WORK TO COMPLETE
Without including any images, repeat the data exactly.

SOURCE MATERIAL
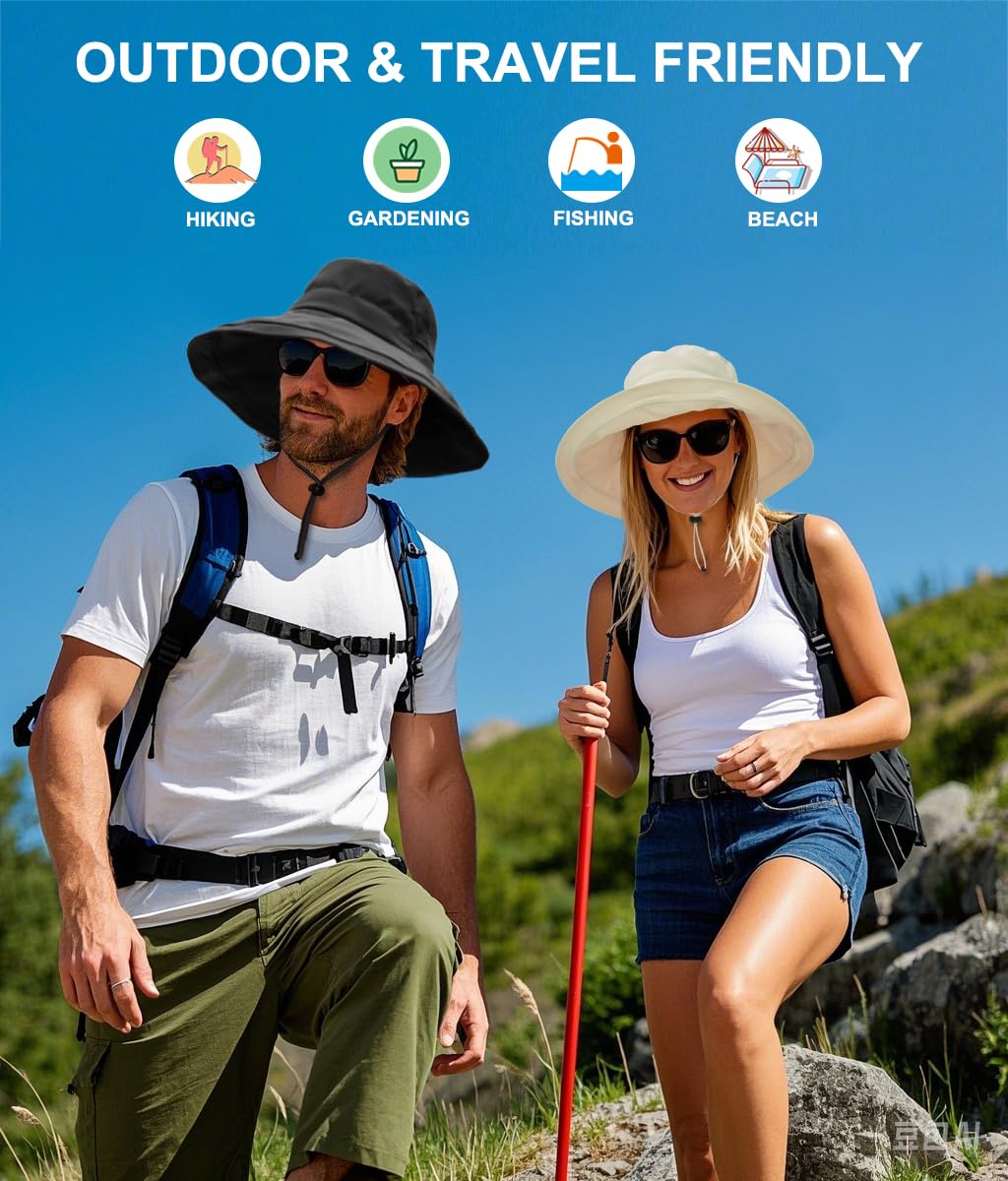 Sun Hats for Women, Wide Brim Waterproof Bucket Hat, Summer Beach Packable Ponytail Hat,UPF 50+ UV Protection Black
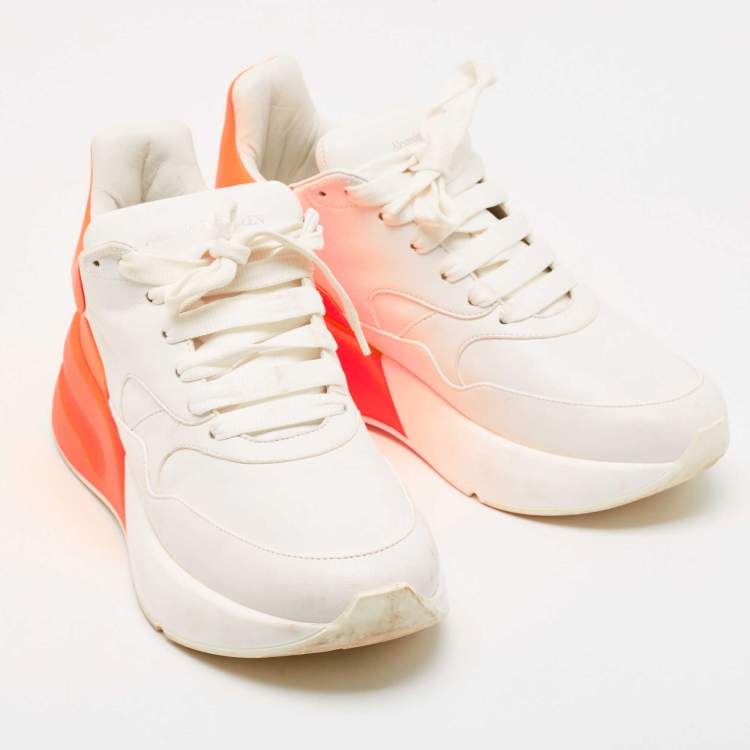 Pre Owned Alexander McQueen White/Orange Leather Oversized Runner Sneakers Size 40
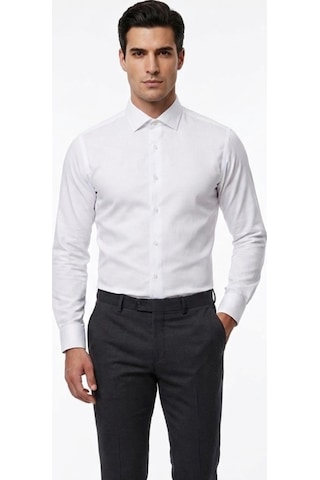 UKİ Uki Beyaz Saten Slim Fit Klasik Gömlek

RESPONSE AREA
 Sun Hats for Women, Wide Brim Waterproof Bucket Hat, Summer Beach Packable Ponytail Hat,UPF 50+ UV Protection Black
 Pre Owned Alexander McQueen White/Orange Leather Oversized Runner Sneakers Size 40
 UKİ Uki Beyaz Saten Slim Fit Klasik Gömlek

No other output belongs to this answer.